▶ Requirement
Once you find the line with "Conjunto Grumet 9mm" in the data that follows, repeat it and every line after it exactly, through the line with "Blue Double Arc".

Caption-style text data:

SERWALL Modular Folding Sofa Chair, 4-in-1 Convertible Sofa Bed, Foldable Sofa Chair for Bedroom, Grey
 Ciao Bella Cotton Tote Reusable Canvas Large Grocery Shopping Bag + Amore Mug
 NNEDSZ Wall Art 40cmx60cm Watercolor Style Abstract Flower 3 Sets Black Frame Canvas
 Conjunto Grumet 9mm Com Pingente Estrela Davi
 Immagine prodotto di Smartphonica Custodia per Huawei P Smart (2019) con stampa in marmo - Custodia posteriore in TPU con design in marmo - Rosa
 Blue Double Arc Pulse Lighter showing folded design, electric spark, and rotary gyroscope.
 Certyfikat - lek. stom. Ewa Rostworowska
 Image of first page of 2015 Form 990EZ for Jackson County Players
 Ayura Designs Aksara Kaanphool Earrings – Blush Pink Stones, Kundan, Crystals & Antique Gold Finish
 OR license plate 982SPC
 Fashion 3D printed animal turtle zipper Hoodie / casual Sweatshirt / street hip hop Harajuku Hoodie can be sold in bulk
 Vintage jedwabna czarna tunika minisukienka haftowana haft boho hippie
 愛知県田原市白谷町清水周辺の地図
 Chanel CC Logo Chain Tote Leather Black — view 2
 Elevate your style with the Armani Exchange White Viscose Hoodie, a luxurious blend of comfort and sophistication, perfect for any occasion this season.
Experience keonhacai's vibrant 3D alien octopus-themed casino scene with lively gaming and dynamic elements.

▶ Response below
 Conjunto Grumet 9mm Com Pingente Estrela Davi
 Immagine prodotto di Smartphonica Custodia per Huawei P Smart (2019) con stampa in marmo - Custodia posteriore in TPU con design in marmo - Rosa
 Blue Double Arc Pulse Lighter showing folded design, electric spark, and rotary gyroscope.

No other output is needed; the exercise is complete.